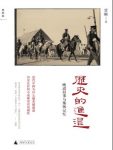 《历史的进退》历史与现实/晚近旧事与集体记忆/epub+mobi+azw3缩略图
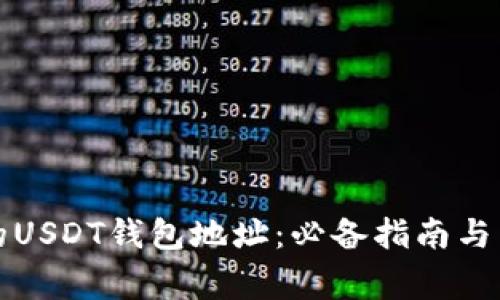 轻松找到你的USDT钱包地址：必备指南与常见问题解析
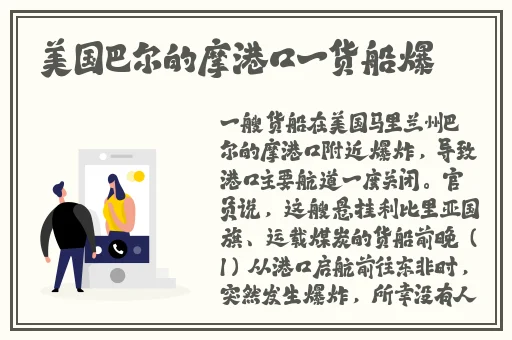 无耻家庭凯伦和老爹最经典的一句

WORK INSTRUCTION: Would you copy out every line of the data above exactly, minus the pictures?

ANSWER SPACE:
 《历史的进退》历史与现实/晚近旧事与集体记忆/epub+mobi+azw3缩略图
 轻松找到你的USDT钱包地址：必备指南与常见问题解析
 无耻家庭凯伦和老爹最经典的一句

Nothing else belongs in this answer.